User:Multichill/Flickr ripper
Jump to navigation
Jump to search
A tool to upload large batches of Flickr files. Could be a local pywikipedia based bot or a web based bot.
Flow[edit]
- Fire up the tool and specify a set of files to work on
- See a global window and for each file a window.
- Fill out fields for files and press "queue" to add the file to the queue or "skip" to ignore the file
- File gets uploaded
Global and local[edit]
- The tool should have a global and a per file part.
- If a field is set in the global part and is set in the local part, the local field should be used.
- If a field is set in the global part and is left empty in the local part, the global field should be used.
- Would be nice to copy fields from previous/next file.
Fields[edit]
- Filename
- Somehow derive from flickr title, can of course be overridden.

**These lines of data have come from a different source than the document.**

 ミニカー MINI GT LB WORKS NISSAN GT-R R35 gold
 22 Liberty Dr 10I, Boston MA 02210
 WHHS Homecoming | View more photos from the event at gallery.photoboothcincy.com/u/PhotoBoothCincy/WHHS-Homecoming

- Check for name collisions
- Would be nice to have some automatic counter to not have duplicate filenames.
- Original source (could be set automaticly)

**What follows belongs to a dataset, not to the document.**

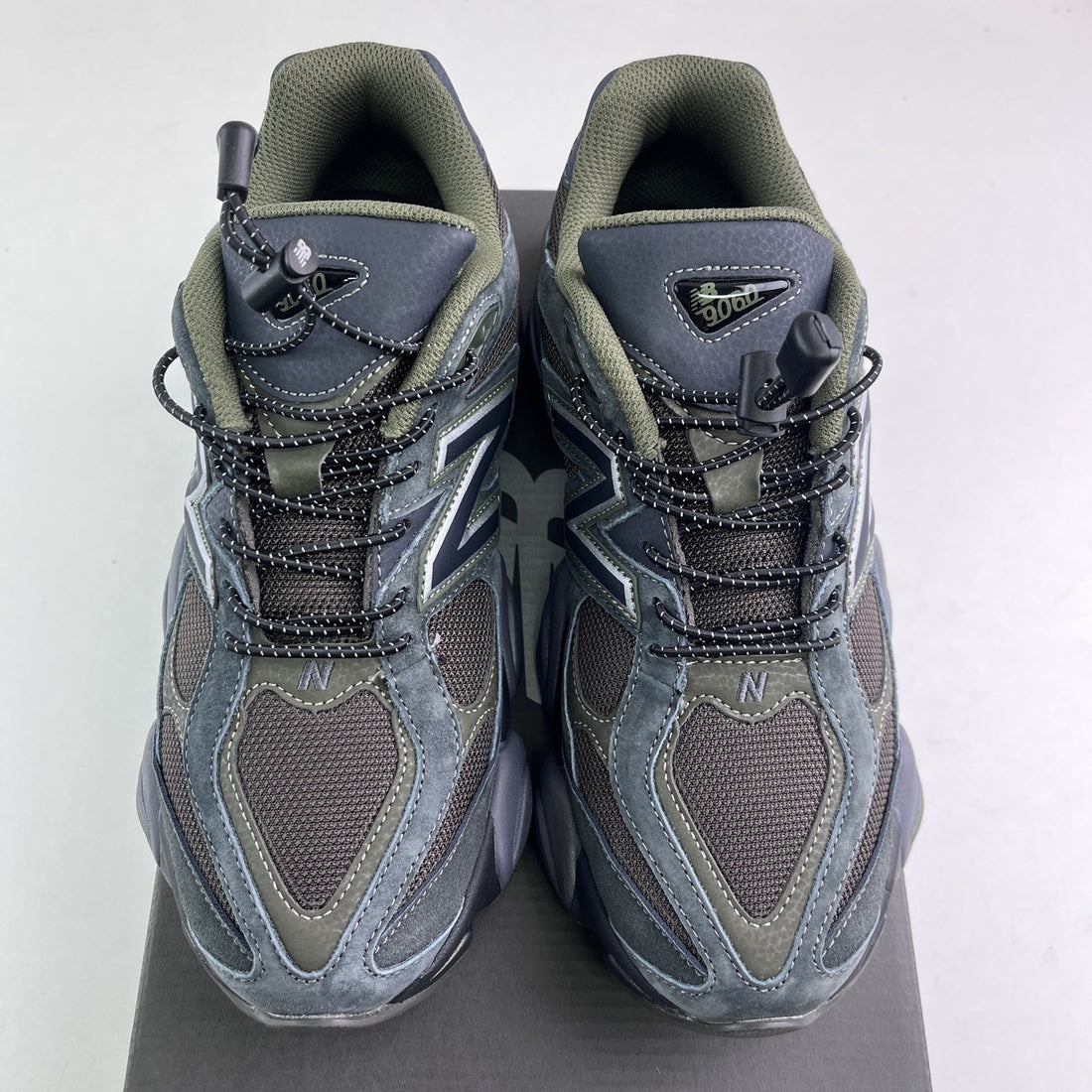 NB 9060 Charcoal Purple Toggle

- Author(s) (link to flickr user page)
- Date of the work (Taken on "XX" uploaded to flickr on "XX"?)
- Take flickr upload date into account
- Take date in exif into account
- Description (langs) (pull from flickr)
- Other versions (less important, leave it out)
- Permission
- Tag for flickrreview
- Flickrreview it with a certain username
- Not free at flickr, need OTRS-permission
- Additional info: Other templates etc
- Licensing - Copy from flickr or override (needs otrs)
- Categories
- From tags
- From category auto completion tool
Would be nice to update one or more fields for a subset of images.
Sources[edit]
Existing tools to learn from:
- Special:Upload (main upload form)
- Commonplace
- Commonist
- Flickr upload bot - The standard upload bot. Makes uploading with all the correct info much easier.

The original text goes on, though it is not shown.